鵺月は今日も呼び出しくらって、ついてくっ!っつったらやんわり断られた。
オレはいても立ってもいられない。
……だからこうやって校門で待ってるワケなんだけど。


「ごめんー」


パタパタって鵺月がオレに向かって走って来る。
緩みそうになる顔を慌てて直して出来るだけ不機嫌そうに声をだした。


「……おっせぇよ!!このオレを待たせるなんて10年早ぇぞ!」
「……もう、だから先帰っていいよっていったのに」


困ったみてぇにごめんって言う。
でも本当は、オレが勝手に待ってただけなんだけど。



新学期に入って何度目かのこんなやりとり。
今月の末には鵺月の誕生日とオマケに来月にはバレンタイン。
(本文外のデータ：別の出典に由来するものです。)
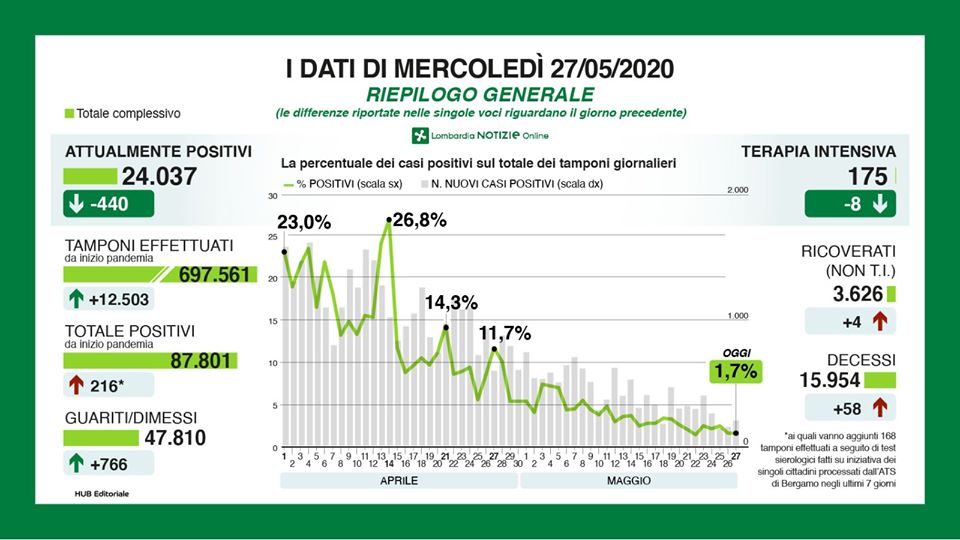 Coronavirus in Lombardia, la situazione in DIRETTA VIDEO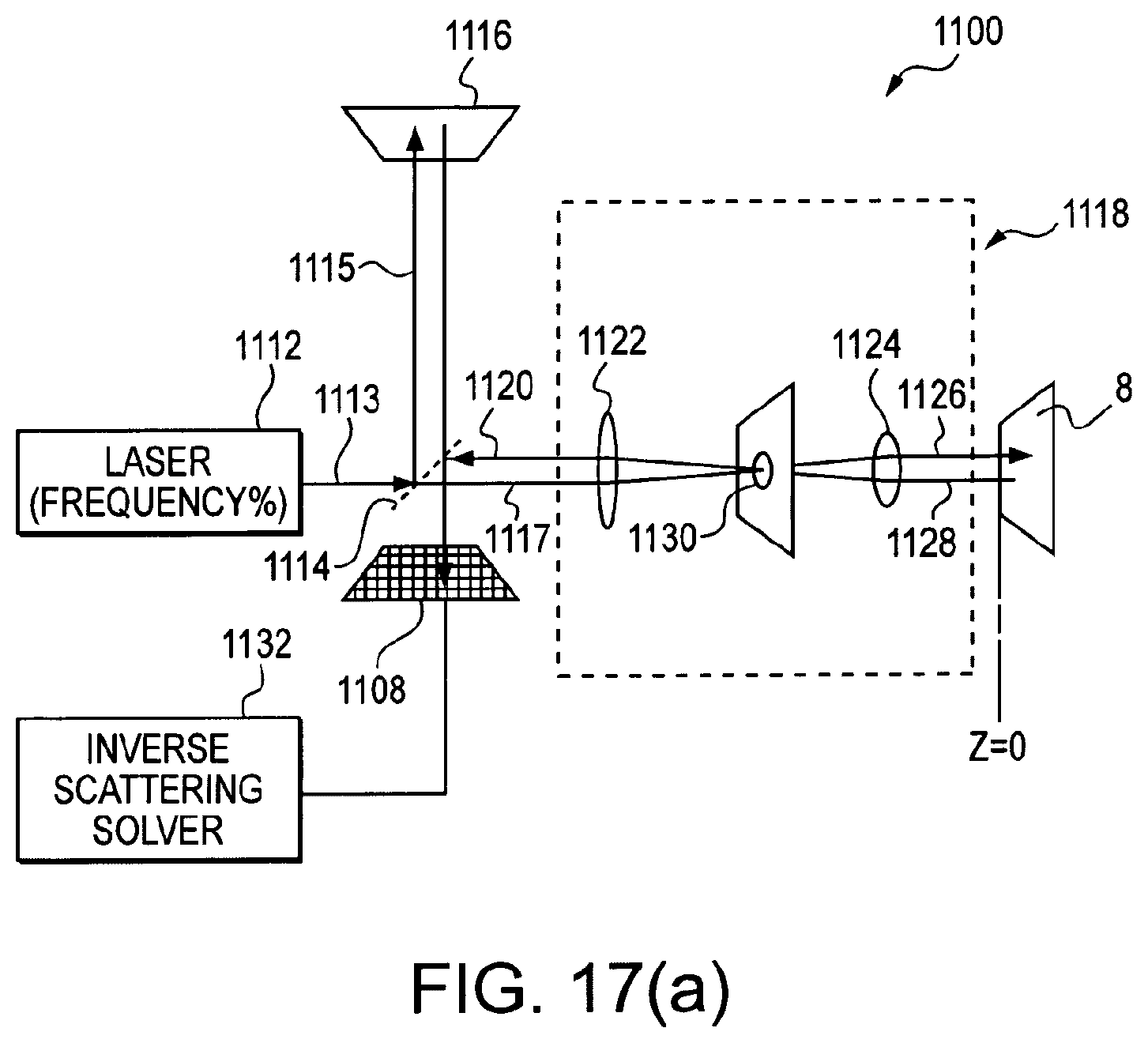 Patent US11779219 Figure 20 – Low-coherence interferometry and optical coherence tomography for image-guided surgical treatment of solid tumors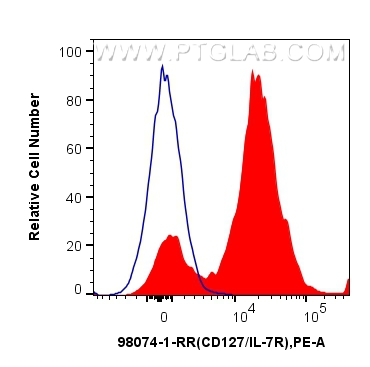 Flow cytometry (FC) experiment of human PBMCs using Anti-Human IL-7Ra/CD127 Rabbit Recombinant Antibod (98074-1-RR)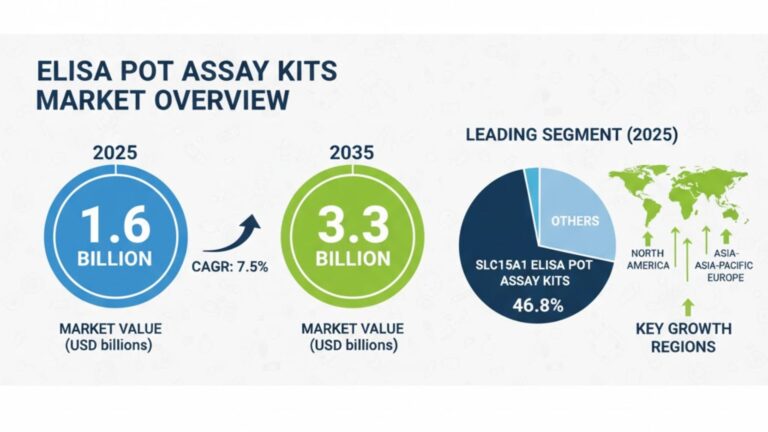ELISA POT Assay Kits Market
それが終わったら卒業式。
残り少ない最後の高校生活を派手に飾りたいなんて考える事はみんな一緒だ。



持ち前の天然っぷりを多いに発揮し、向けられた笑顔に勘違いした男達は今日も鵺月の前に列を作る。

登校した途端鵺月に群がって来る。
昼だってオレが横にいんのに意気揚々って感じで音楽室の扉を開けては、ことごとく肩落として去って行く。

そんでも隣りでパン囓りながらオレは気が気じゃない。